Computer Chronicles Revisited 4 — Singer Link and SOM


Normally, The Computer Chronicles highlighted consumer software and hardware. Stewart Cheifet often described his role as doing the legwork on behalf of the viewer so they knew what products to buy. This particular episode, however, goes in a somewhat different direction. The subject is simulator software, but aside from the opening host segment, the episode is largely devoted to proprietary software used in non-consumer applications.

Flight Simulators – Computer Game vs. Training Tool

Cheifet and Gary Kildall opened the episode by playing Microsoft Flight Simulator 1.0 on an IBM Personal Computer. Cheifet noted this was a good example of how you could use a computer to simulate real-world situations. Foreshadowing one of the episode’s guests, Cheifet added that simulation software could also be used in architecture and urban design. Cheifet asked Kildall that given everything a computer does is essentially a simulation, what do we mean by “computer simulations.” Kildall replied that it’s about generating scenes or a situation that someone wants to experience, which requires graphics and a lot of computing power. But it’s ultimately less expensive to do than the real thing. For example, it’s cheaper to run a simulation of a 747 landing than to land an actual plane.

Stewart Cheifet and Gary Kildall with an IBM PC running ‘Microsoft Flight Simulator’.

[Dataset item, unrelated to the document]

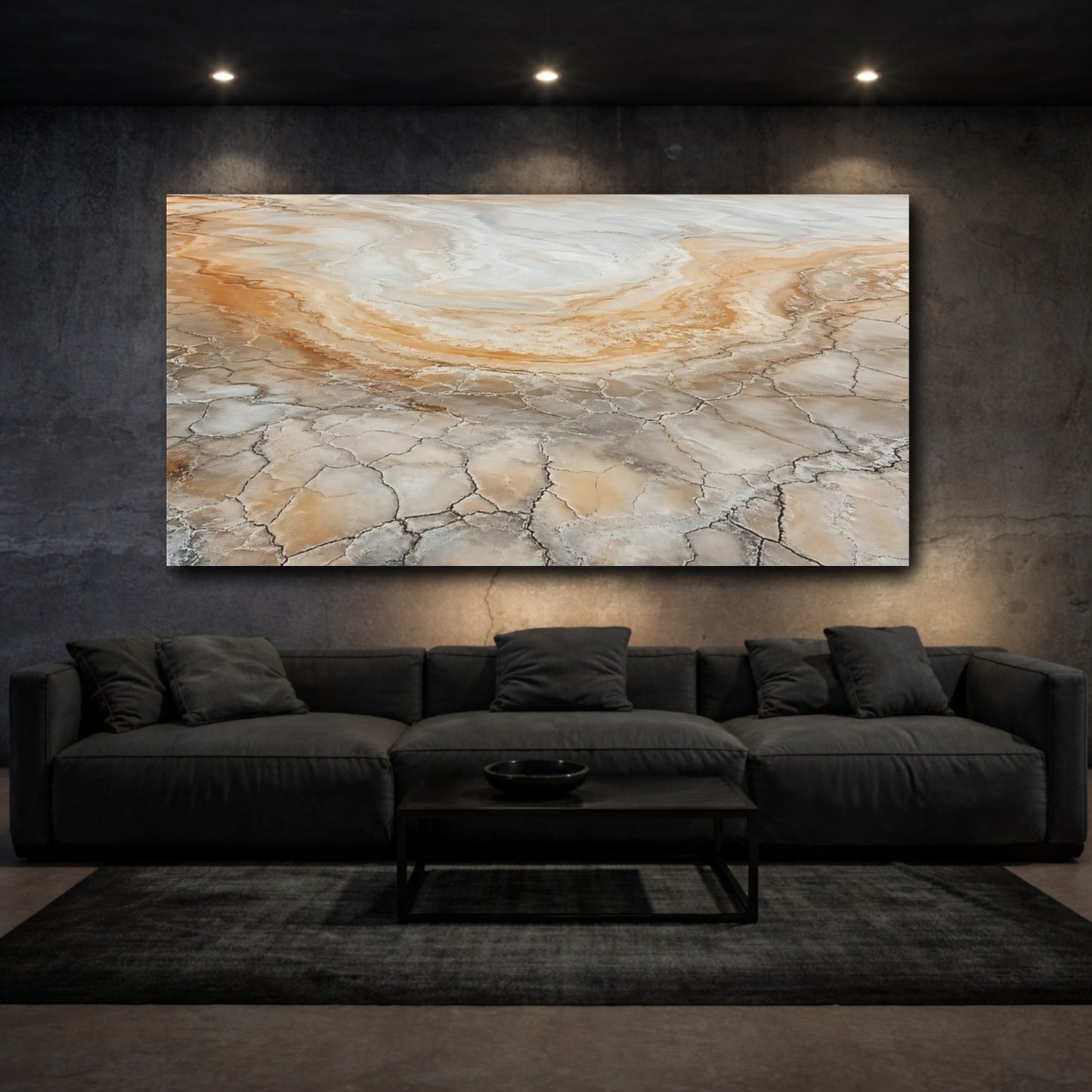 Mockup 2. Nature Cracked Earth Earthy Tones shown as stretched canvas wall art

Cheifet then narrated a short feature on the use of flight simulators by the U.S. military to train pilots in air-to-ground combat. While this might resemble a computer game, Cheifet said these simulators included “random factors” to help better simulate real-life conditions. He compared the progress of computer simulation to film animation, which managed to achieve a “remarkable level of detail” during the 1940s and 1950s. Cheifet then introduced a computer architectural model where buildings “can be viewed at almost every perspective,” eliminating the need for hand-drawn blueprints.

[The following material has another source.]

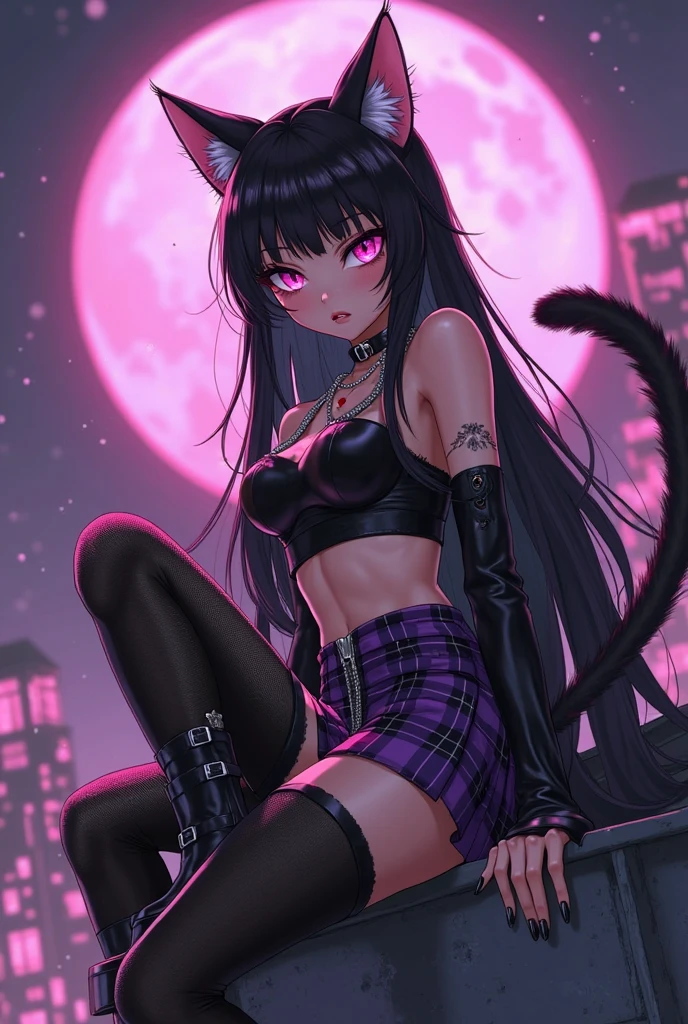 1 girl, solo, red eyes, cat ears, brunette, wavy hairstyle, wearing bottom lip pierce, wearing earrings, wearing a black velvet choker, wearing a black velvet lingerie, sitting on couch, long eyelashes, wearing soft makeup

As it turned out, both of these items were produced by the episode’s guests. The first guest was Frank Lewandowski, a senior scientist with the Link Division of the Singer Company, also known as Singer - Link. You may recognize the “Singer” name as that of a sewing machine manufacturer. It’s the same company. The Link Division developed the military flight simulation software introduced by Cheifet earlier.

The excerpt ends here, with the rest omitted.